> **Task to carry out**
Within the records below is a range that opens at the line with "steelix weakness|Steelix Pokédex: stats, moves, evolution" and closes at the line with "Evolution et montant". Return that range word for word, both ends included, and only that range.

> **The records**

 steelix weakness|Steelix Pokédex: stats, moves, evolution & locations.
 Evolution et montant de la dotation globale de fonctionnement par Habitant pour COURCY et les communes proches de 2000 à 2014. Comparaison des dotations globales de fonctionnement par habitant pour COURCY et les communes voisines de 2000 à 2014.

* * *

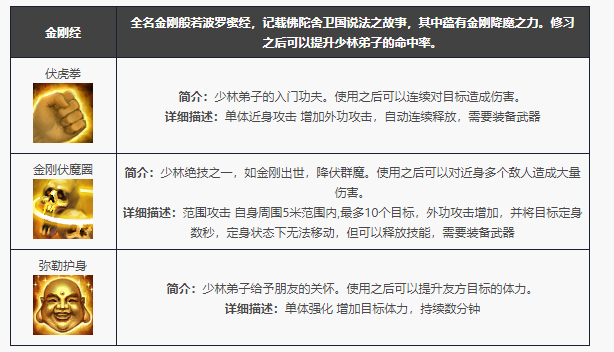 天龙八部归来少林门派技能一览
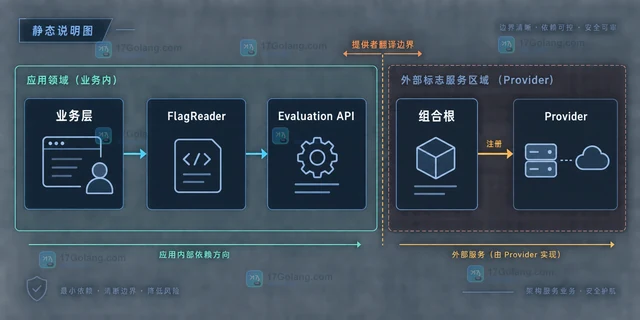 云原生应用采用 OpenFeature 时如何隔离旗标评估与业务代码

* * *

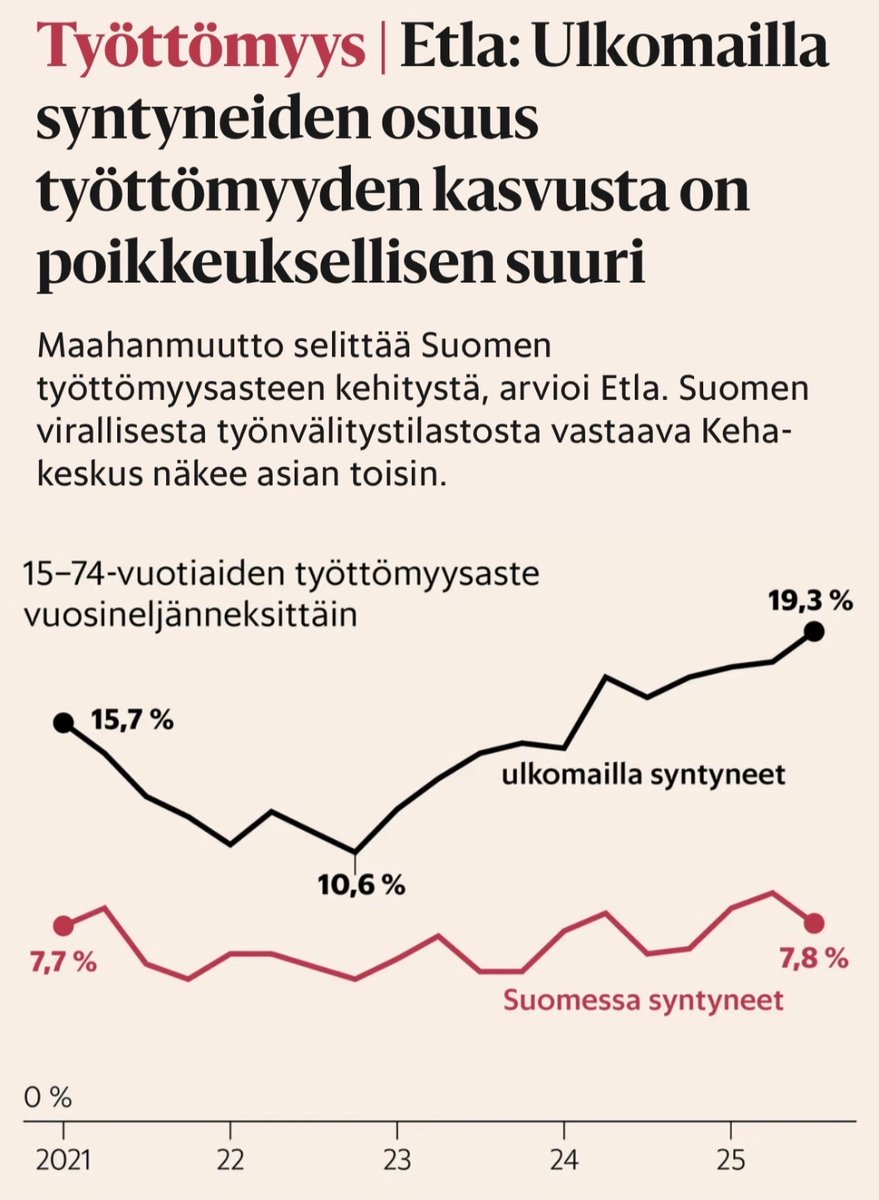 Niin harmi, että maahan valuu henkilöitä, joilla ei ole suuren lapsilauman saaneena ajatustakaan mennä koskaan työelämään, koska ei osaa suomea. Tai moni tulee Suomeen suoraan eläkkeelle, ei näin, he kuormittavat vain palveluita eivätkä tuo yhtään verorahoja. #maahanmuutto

> **Answer to the problem**
 steelix weakness|Steelix Pokédex: stats, moves, evolution & locations.
 Evolution et montant de la dotation globale de fonctionnement par Habitant pour COURCY et les communes proches de 2000 à 2014. Comparaison des dotations globales de fonctionnement par habitant pour COURCY et les communes voisines de 2000 à 2014.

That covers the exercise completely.